I have the same issue. Disk space was the issue (on a different mac), here I have given docker enough disk space; yet it just appears to be stuck.

Would be nice to have some documentation on where to find the logs of what's actually going on when the cluster is starting (docker logs shows exactly the same output as above).

— You are receiving this because you were mentioned. Reply to this email directly, view it on GitHub https://github.com/Azure/service-fabric-issues/issues/1428#issuecomment-462015005, or mute the thread https://github.com/notifications/unsubscribe-auth/ACsMVQGbW2S5LuPPbMeiEdH2gy_MNmRjks5vLlqsgaJpZM4aUMru .

-- Med vennligst hilsen / Best regards, Alexey V. Zimarev

tastyeggs commented 5 years ago

That's not the case for me; I've verified, and set it to 150G. I've also exec'ed into the docker container at this point, and there's plenty of free space.

It was the issue on my first attempt (on a different machine), which upon solving ended up working.

tastyeggs commented 5 years ago

@suhuruli would be nice to get some advice on this.

This is blocking further adoption of Service Fabric within my company, as some members of my team are running Macs.

anantshankar17 commented 5 years ago

Hi @tastyeggs, can you please exec into your container and do a "df -h" and share the output ? I suspect this could be the docker overlay which is eating up the space on one of your impacted machines. So even if the docker setting allows you to set the max disk space to 150G for the docker overlay, that doesnt mean it has 150G free disk space available on the disk. The docker setting have a docker.raw disk image location, what is the size of that ? Can you do a df -h for the root of the path where the docker.raw resides ? If the docker overlay itself is eating a lot of space then there isnt enough free space at the docker.raw image location and the container would not work properly. This could be the issue in that case: https://github.com/docker/for-mac/issues/2297. A quick mitigation would be to reset docker to the factory settings. You may also look at this for other ways of reducing disk usage: https://djs55.github.io/jekyll/update/2017/11/27/docker-for-mac-disk-space.html. Let us know.

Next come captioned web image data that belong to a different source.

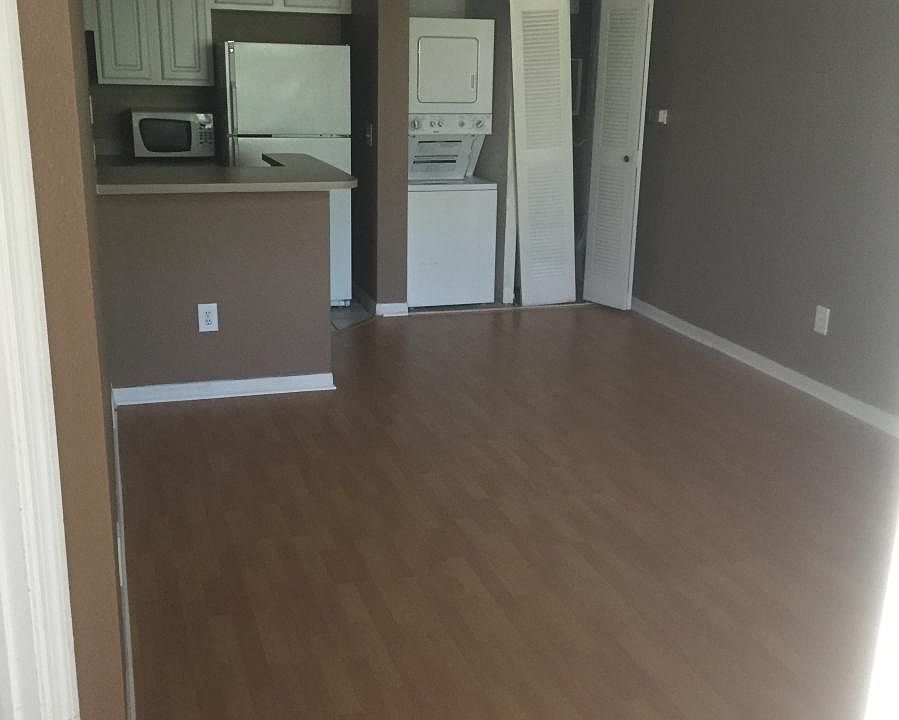 Living/ Dining, washer dryer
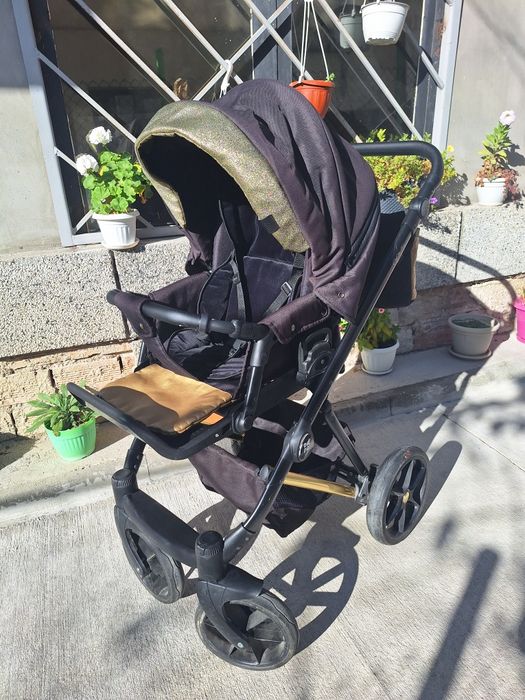 Бебешка  количка черно и златно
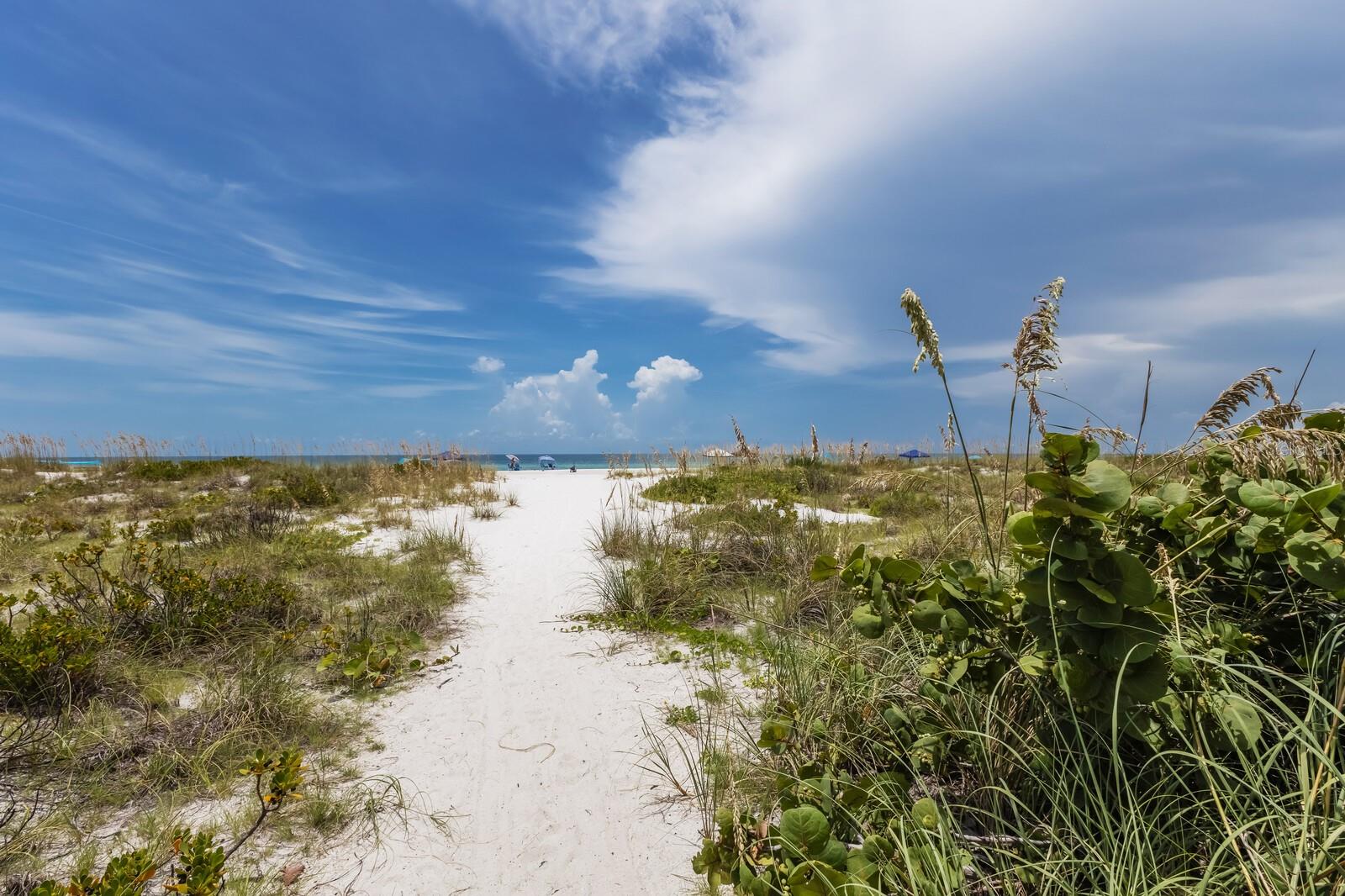 111 49TH ST, HOLMES BEACH, FL, 34217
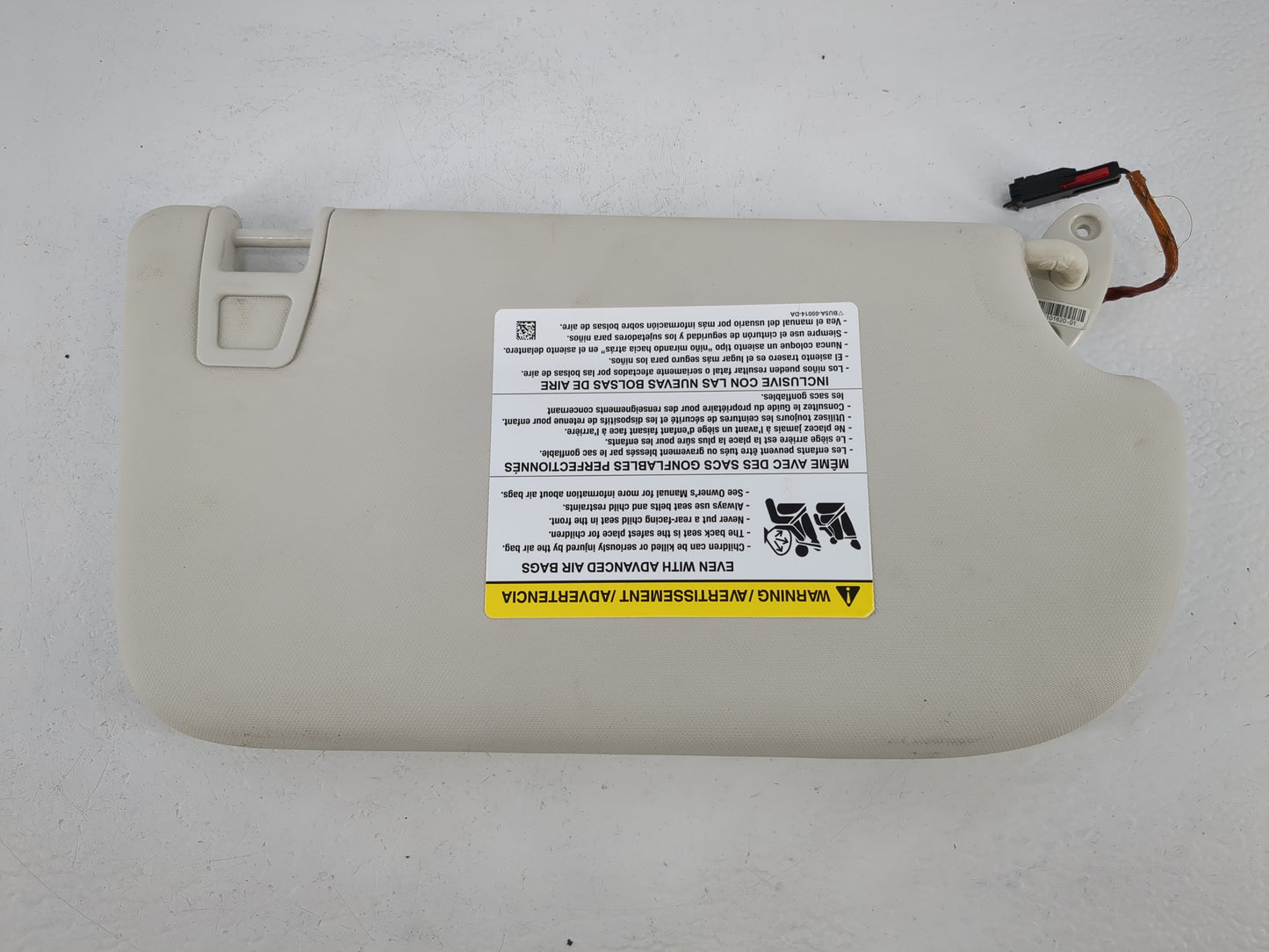 2013-2018 Ford Focus Sun Visor Shade Replacement Driver Left Mirror Fits Fits 2013 2014 2015 2016 2017 2018 OEM Used Auto Parts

alexeyzimarev commented 5 years ago

@tastyeggs why are you asking me? I have the same issue.

tastyeggs commented 5 years ago

@alexeyzimarev that was accidental tagging, sorry!

@anantshankar17, I'm sadly not able to reproduce this anymore, after I rebooted my Mac. I'm going to repeat the process on a fresh mac and will report back if I hit the same issue. Thanks for your guidance.